DIRECTIONS FOR THIS TASK
From the first line of the listing below to the line containing "Slavery is (Not) a Choice by Ikenna Okeh", write out everything exactly. No pictures.

RECORDS FOR THE TASK
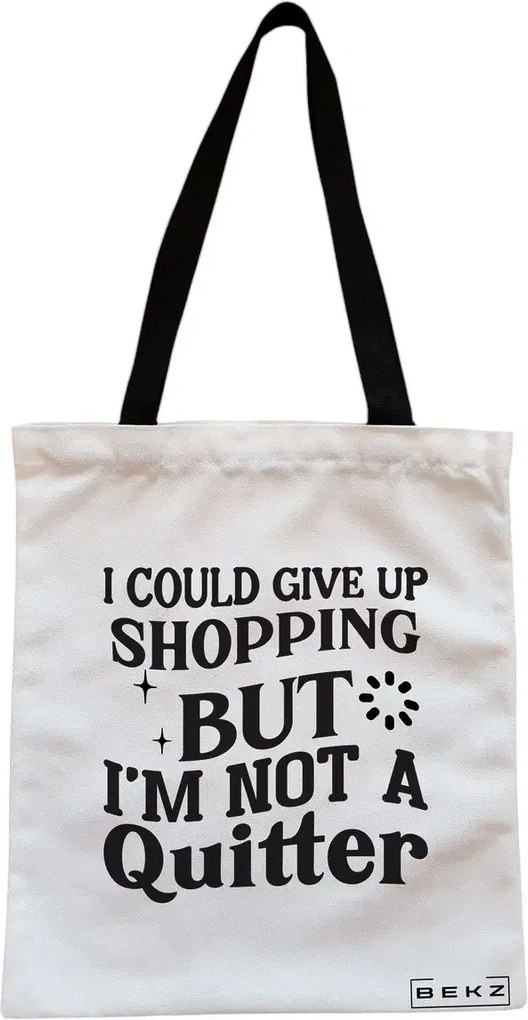 Sacosa de Panza pentru Cumparaturi, Geanta Tote, model Not a quitter, Cu fermoar, 38x34.5 cm, Alba, BEKZ®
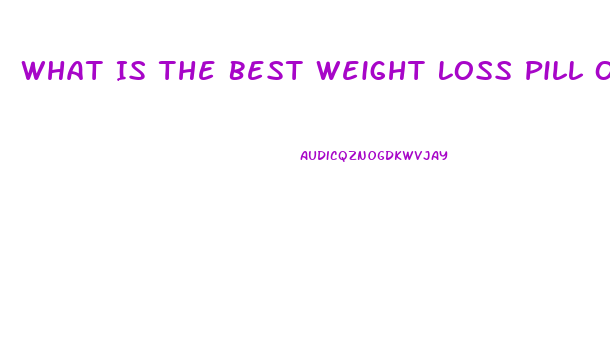 What Is The Best Weight Loss Pill Out There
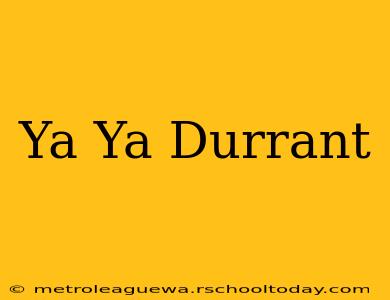 Ya Ya Durrant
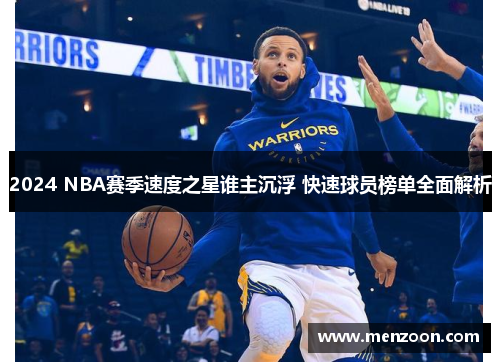 2024 NBA赛季速度之星谁主沉浮 快速球员榜单全面解析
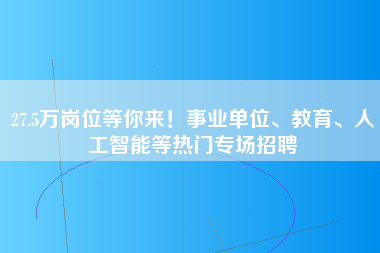 27.5万岗位等你来！事业单位、教育、人工智能等热门专场招聘-第1张图片-观澜富士康官方直招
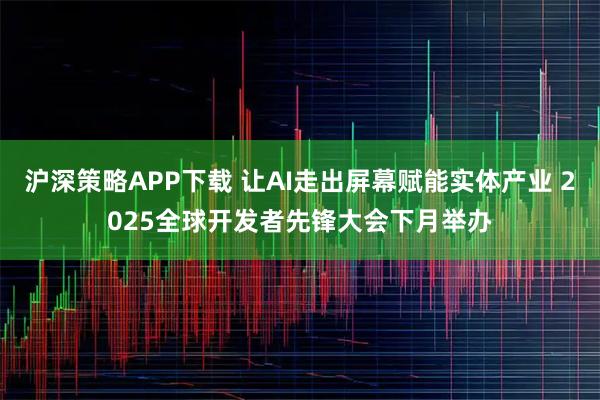 沪深策略APP下载 让AI走出屏幕赋能实体产业 2025全球开发者先锋大会下月举办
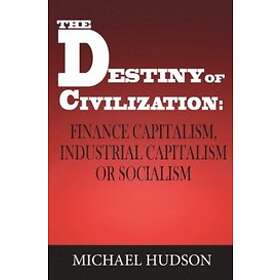 Michael Hudson: The Destiny of Civilization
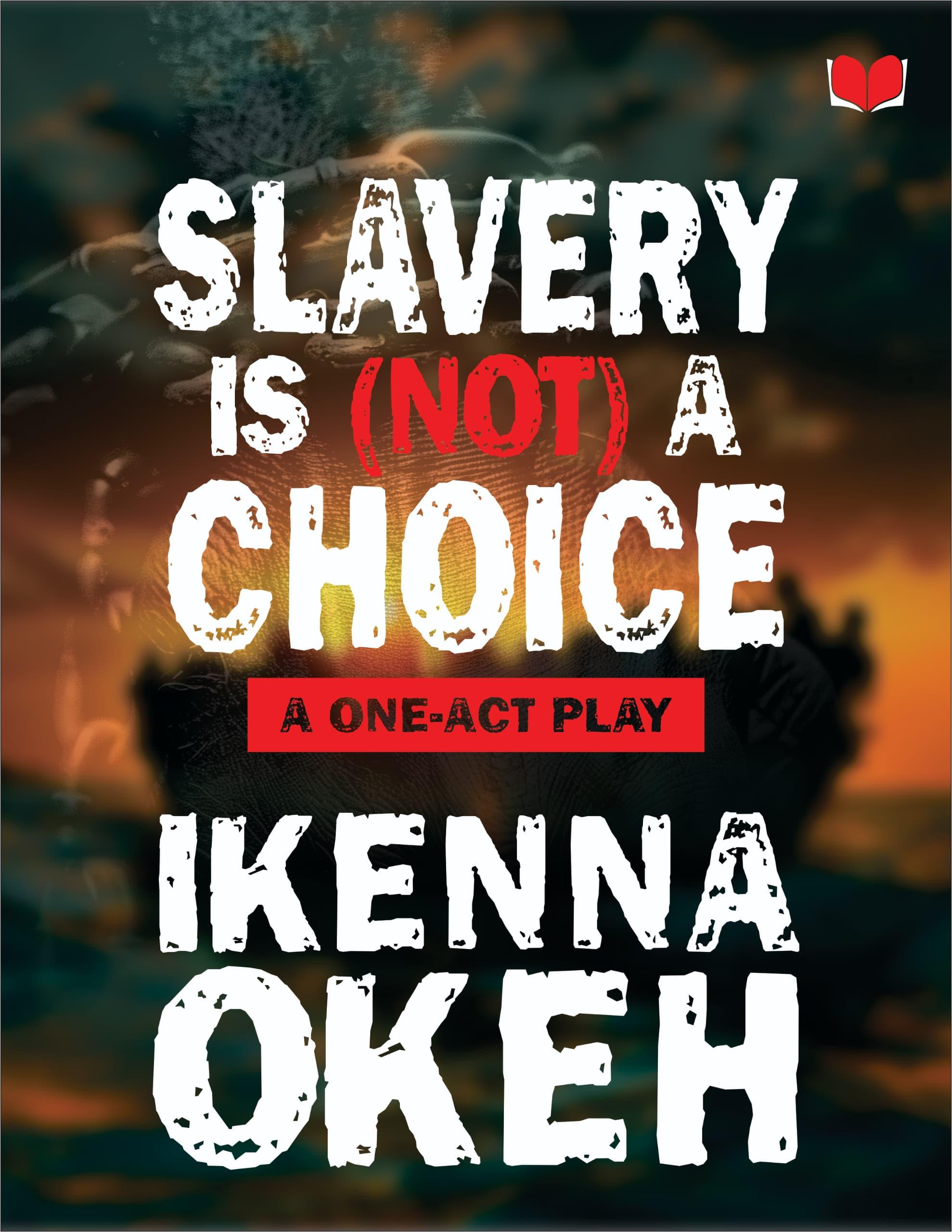 Slavery is (Not) a Choice by Ikenna Okeh
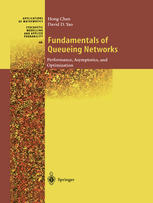 Fundamentals Of Queueing Networks Performance Asymptotics And Optimization 1st Edition Hong Chen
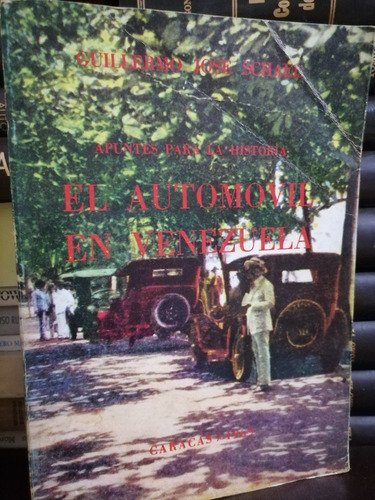 El Automóvil En Venezuela, Guillermo José Schael 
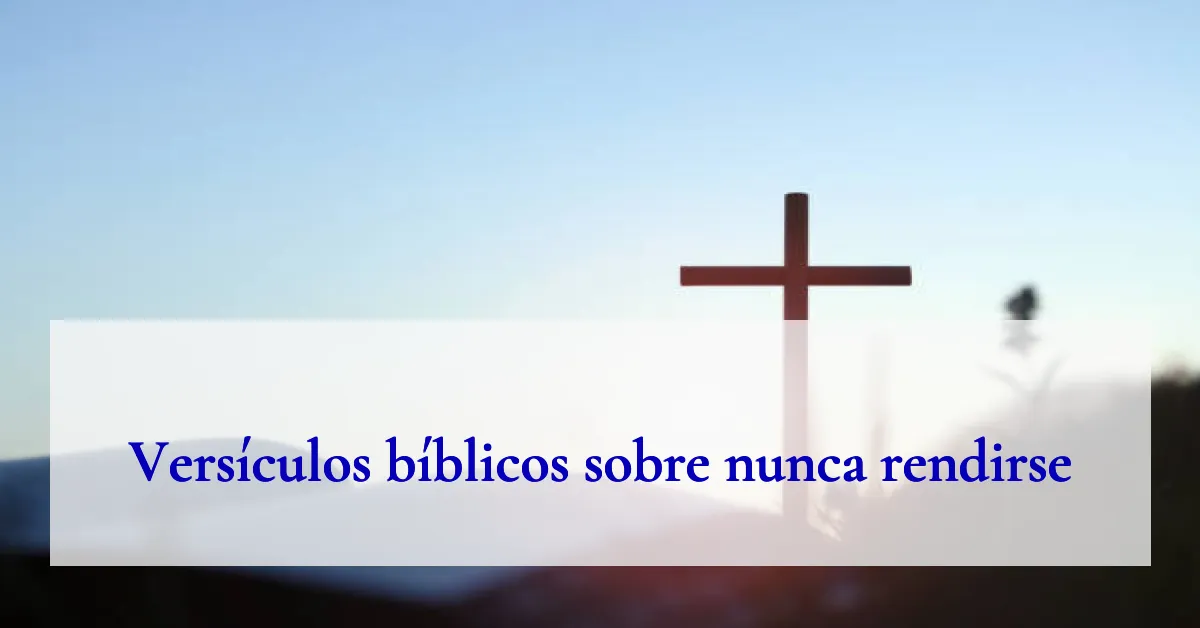 Versículos bíblicos sobre nunca rendirse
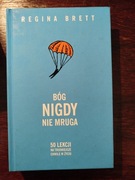 Regina Brett, Bóg nigdy nie mruga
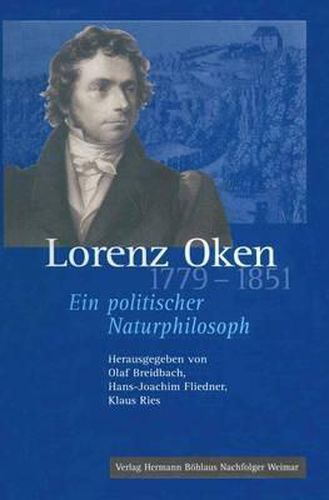 Cover image for Lorenz Oken (1779-1851): Ein Politischer Naturphilosoph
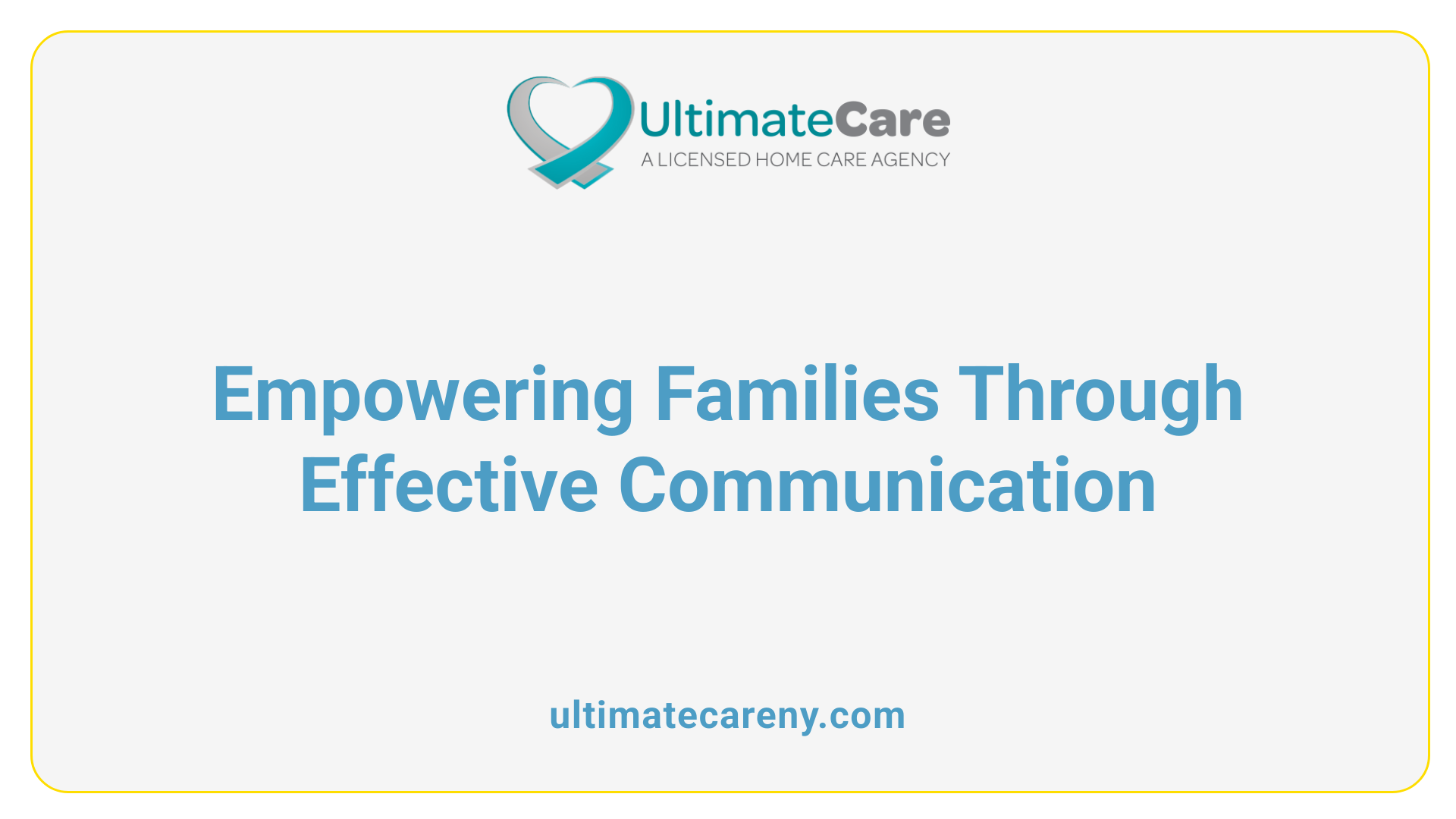 Empowering Families Through Effective Communication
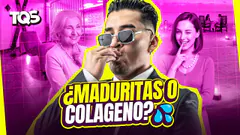 #TQS | CHIQUIWILO LAS PREFIERE MADURITAS?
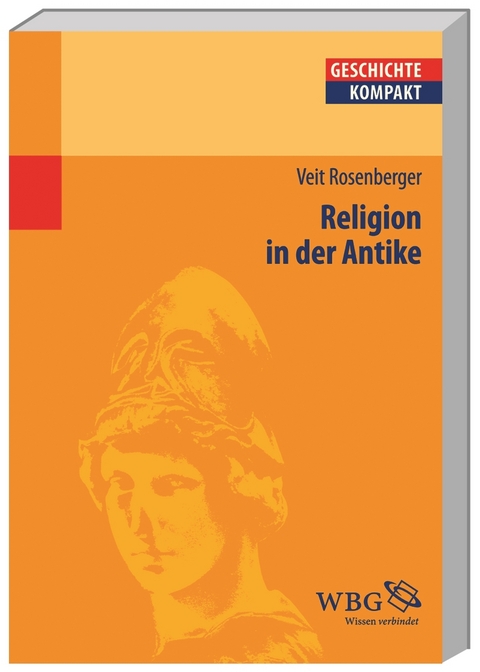 Religion in der Antike - Veit Rosenberger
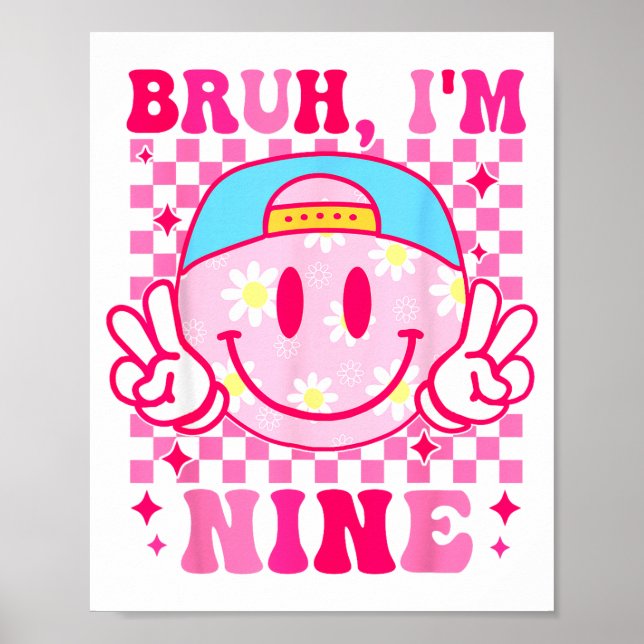 Bruh I'm Nine 9 9th Birthday Girls Groovy 9 Years  Poster (Framsidan)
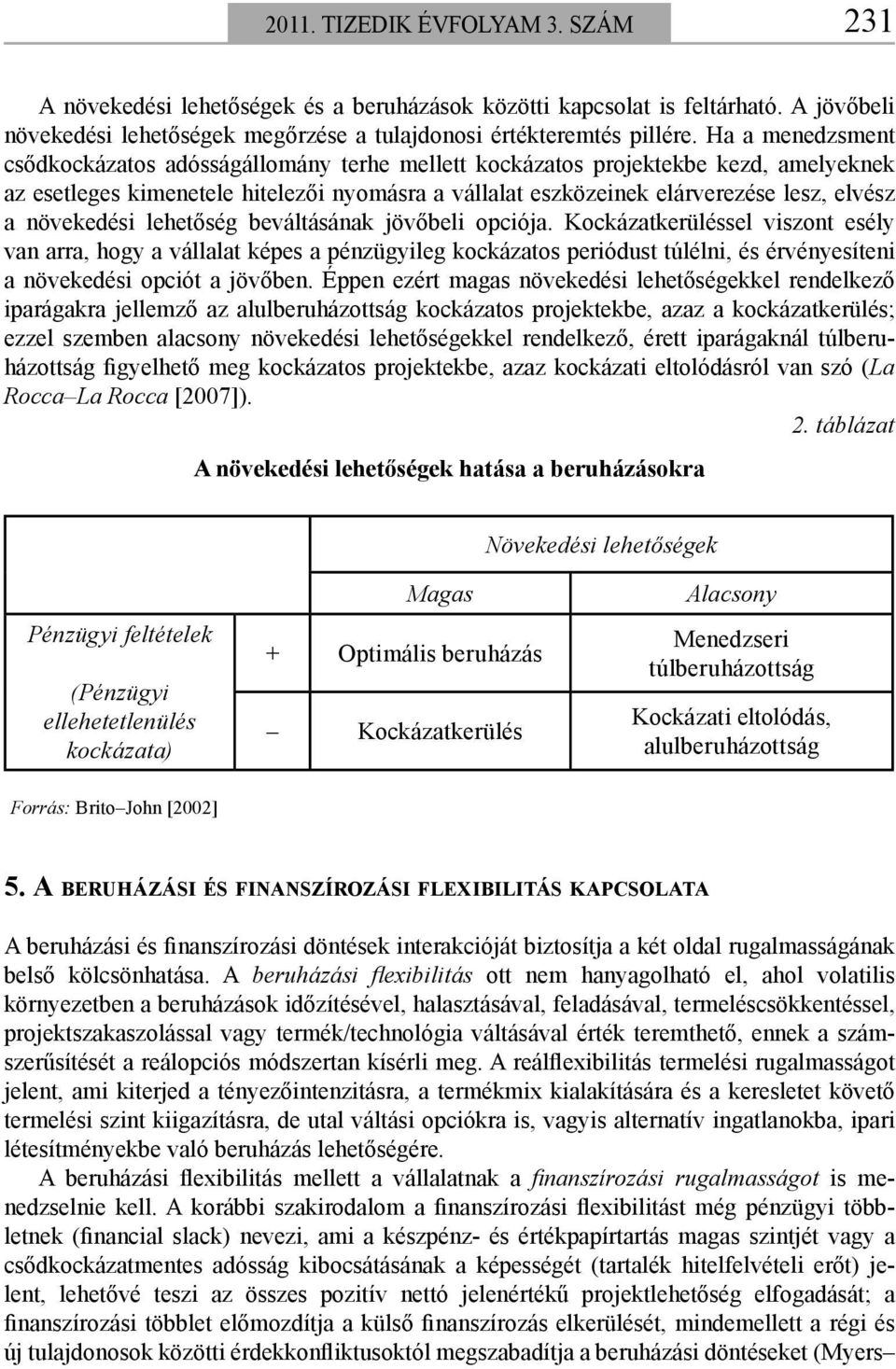 növekedési lehetőség beváltásának jövőbeli opciója.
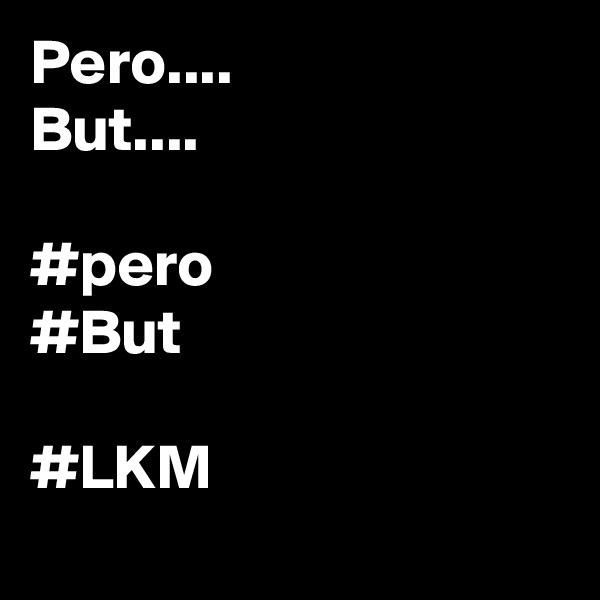 Pero....
But....

#pero
#But

#LKM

OUTPUT BELOW
 Sacosa de Panza pentru Cumparaturi, Geanta Tote, model Not a quitter, Cu fermoar, 38x34.5 cm, Alba, BEKZ®
 What Is The Best Weight Loss Pill Out There
 Ya Ya Durrant
 2024 NBA赛季速度之星谁主沉浮 快速球员榜单全面解析
 27.5万岗位等你来！事业单位、教育、人工智能等热门专场招聘-第1张图片-观澜富士康官方直招
 沪深策略APP下载 让AI走出屏幕赋能实体产业 2025全球开发者先锋大会下月举办
 Michael Hudson: The Destiny of Civilization
 Slavery is (Not) a Choice by Ikenna Okeh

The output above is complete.